DARE: Diverse Visual Question Answering with Robustness Evaluation

Vision Language Models (VLMs) extend remarkable capabilities of text-only large language models and vision-only models, and are able to learn from and process multi-modal vision-text input. While modern VLMs perform well on a number of standard image classification and image-text matching tasks, they still struggle with a number of crucial vision-language (VL) reasoning abilities such as counting and spatial reasoning. Moreover, while they might be very brittle to small variations in instructions and/or evaluation protocols, existing benchmarks fail to evaluate their robustness (or rather the lack of it). In order to couple challenging VL scenarios with comprehensive robustness evaluation, we introduce DARE, Diverse Visual Question Answering with Robustness Evaluation, a carefully created and curated multiple-choice VQA benchmark.

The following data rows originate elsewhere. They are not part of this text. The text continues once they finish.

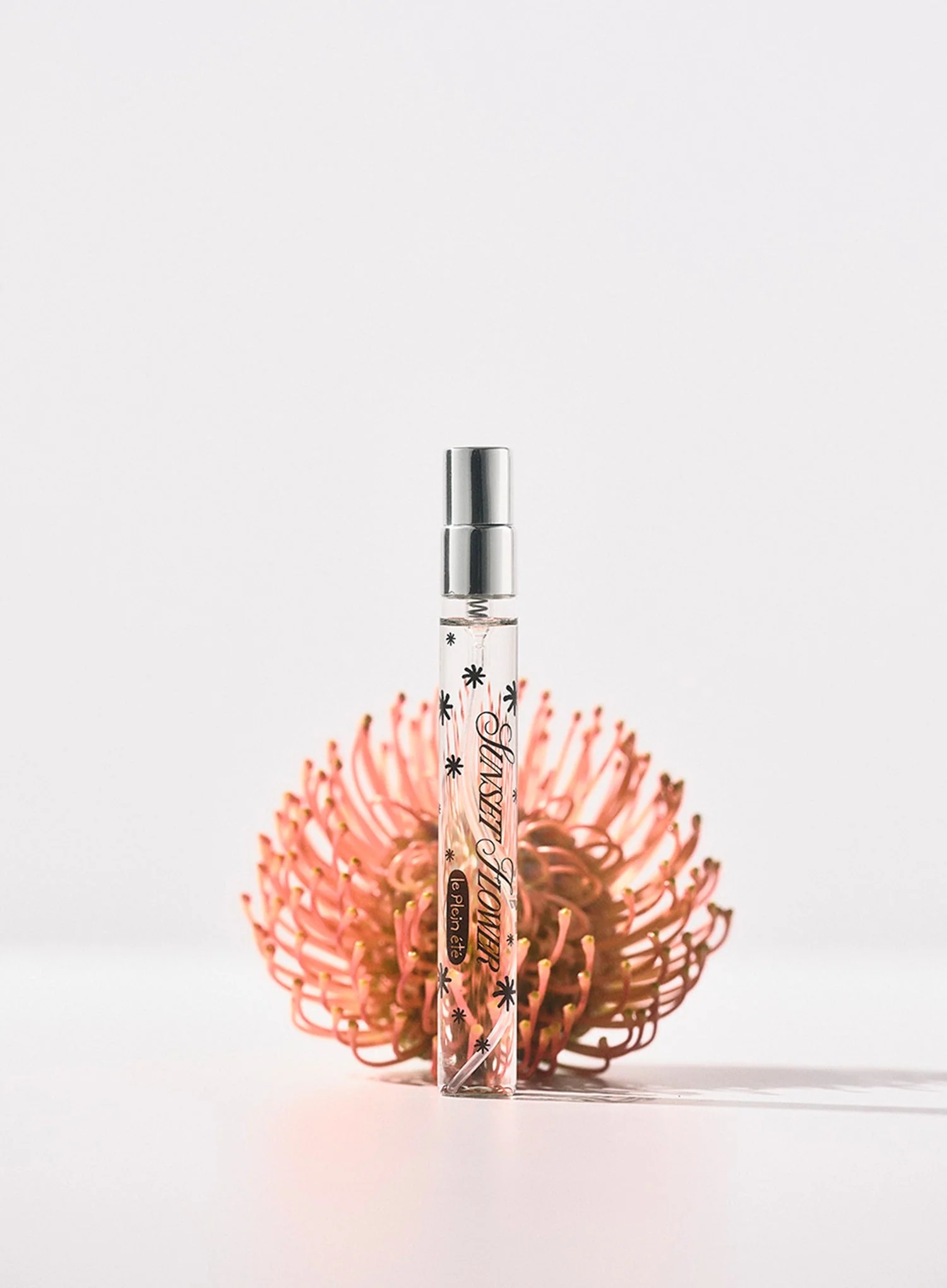 Sunset Flower ; Gyeongju EDT (10ml) - Image 2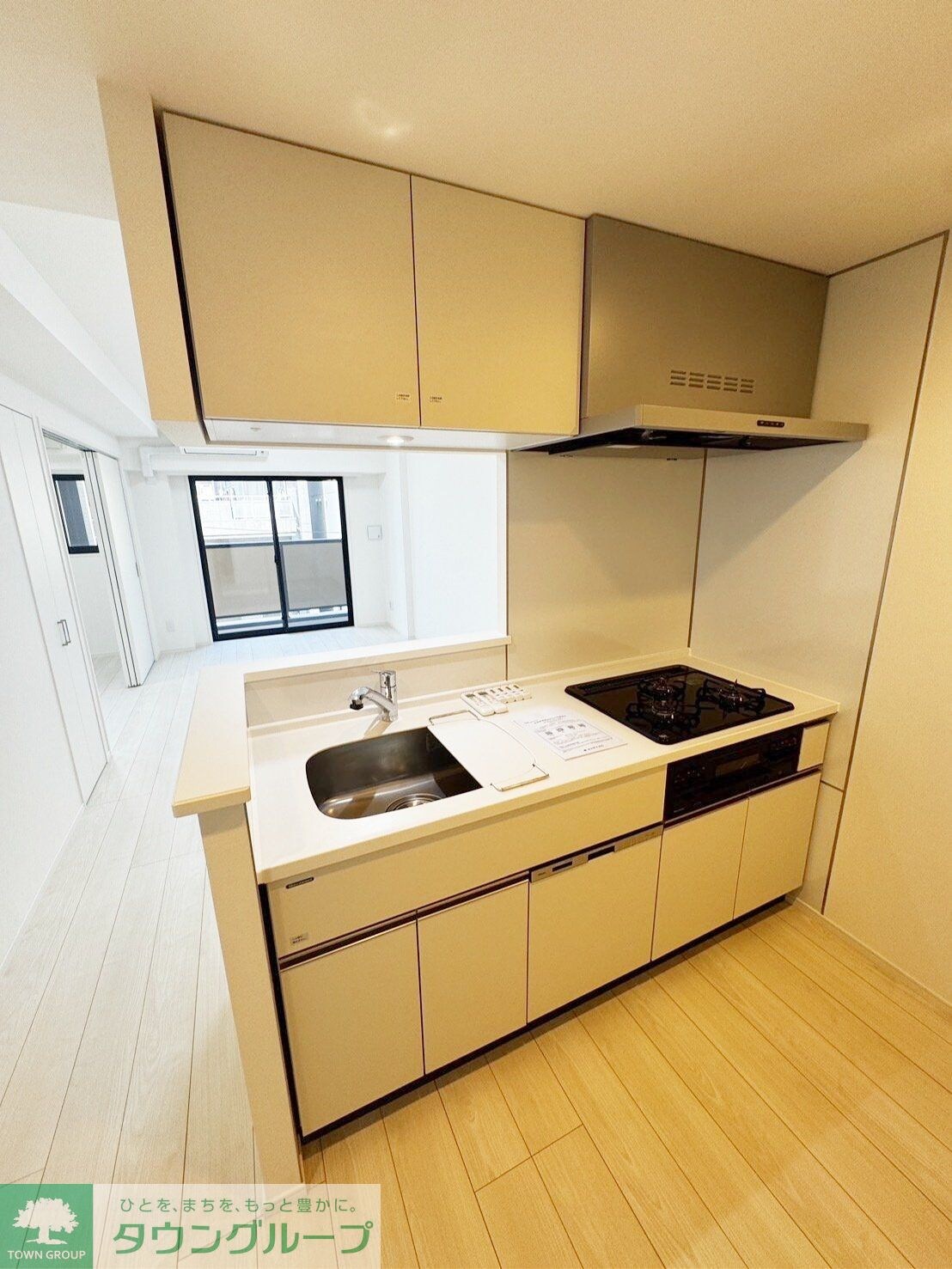 アーバンパーク日暮里IIの物件内観写真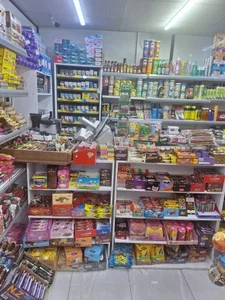 سوپرمارکت مهدوی 5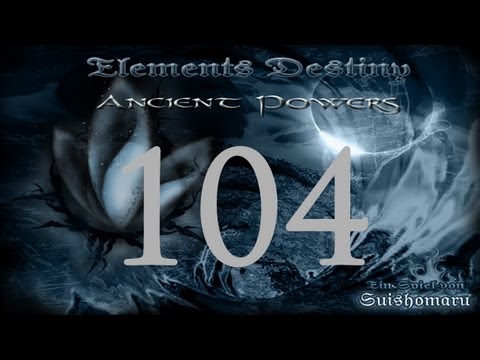 Let's Play RPG-XP Elements Destiny 2 - Ancient Powers [104 FINALE] [Deutsch]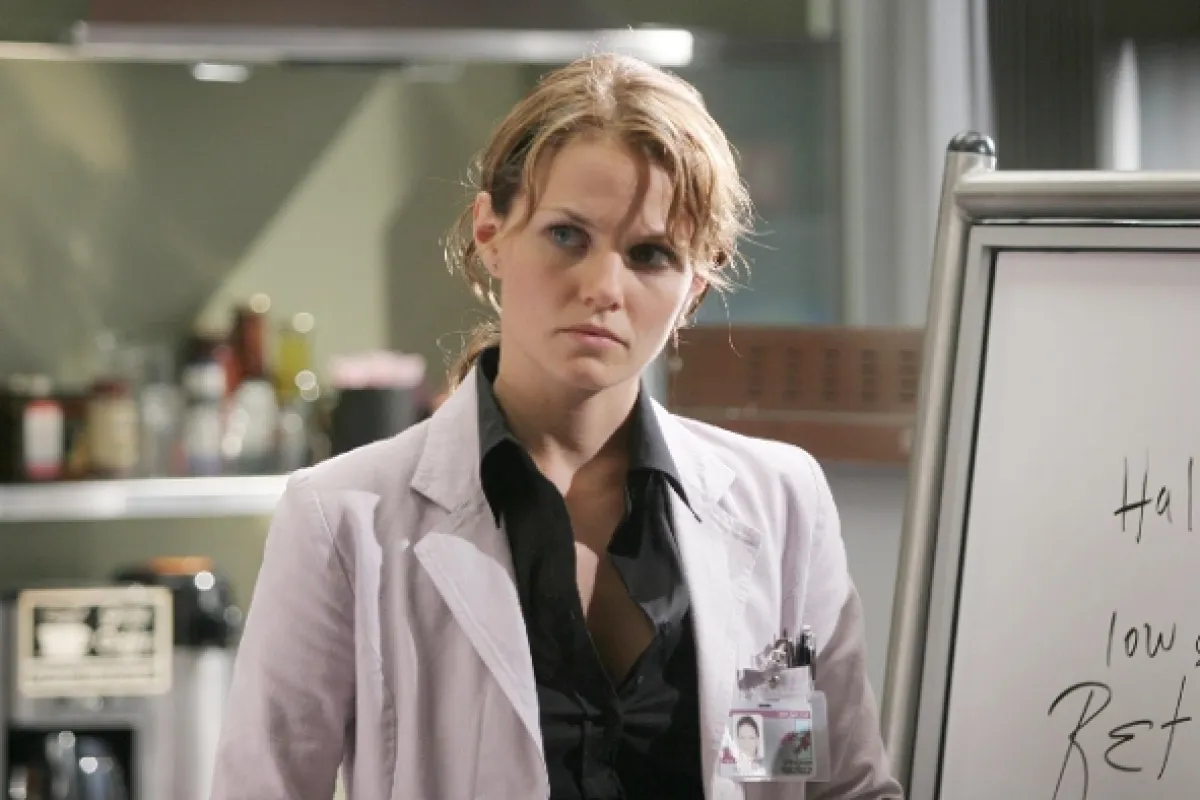 Dr. House (Dr. House - Autopsy), 2005 - fotogaléria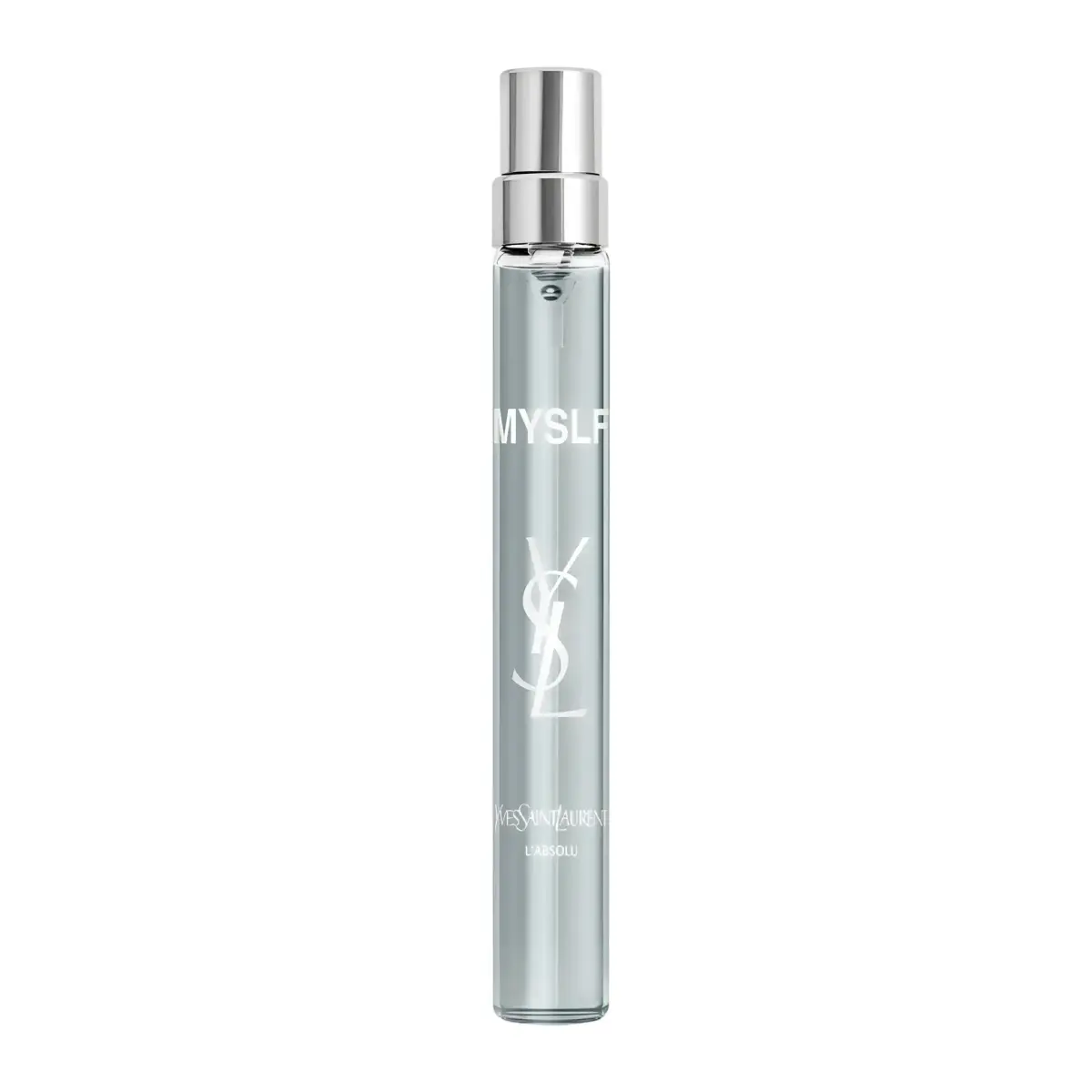 Yves Saint Laurent, Myslf L’Absolu, Parfum, For Men, 10 ml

DARE evaluates VLM performance on five diverse categories and includes four robustness-oriented evaluations based on the variations of: prompts, the subsets of answer options, the output format and the number of correct answers. Among a spectrum of other findings, we report that state-of-the-art VLMs still struggle with questions in most categories and are unable to consistently deliver their peak performance across the tested robustness evaluations. The worst case performance across the subsets of options is up to 34% below the performance in the standard case. The robustness of the open-source VLMs such as LLaVA 1.6 and Idefics2 cannot match the closed-source models such as GPT-4 and Gemini, but even the latter remain very brittle to different variations.

翻译：视觉语言模型（VLMs）扩展了纯文本大语言模型和纯视觉模型的卓越能力，能够学习并处理多模态的视觉-文本输入。尽管现代VLMs在多项标准图像分类和图文匹配任务上表现良好，但在计数、空间推理等若干关键的视觉语言推理能力方面仍存在困难。此外，尽管它们可能对指令和/或评估协议的微小变化极为敏感，现有基准测试却未能有效评估其鲁棒性（或更确切地说，其鲁棒性的缺乏）。为了将具有挑战性的视觉语言场景与全面的鲁棒性评估相结合，我们提出了DARE（面向鲁棒性评估的多样化视觉问答），这是一个精心构建和筛选的多选视觉问答基准。DARE在五个多样化类别上评估VLM性能，并包含基于以下四种变体的鲁棒性导向评估：提示词、答案选项子集、输出格式以及正确答案数量。在一系列其他发现中，我们报告指出，最先进的VLMs在大多数类别的问题上仍存在困难，且无法在测试的鲁棒性评估中持续发挥其峰值性能。在选项子集上的最差性能比标准情况下的性能低达34%。开源VLMs（如LLaVA 1.6和Idefics2）的鲁棒性无法与闭源模型（如GPT-4和Gemini）相匹敌，但即使是后者，对不同变体仍表现出高度脆弱性。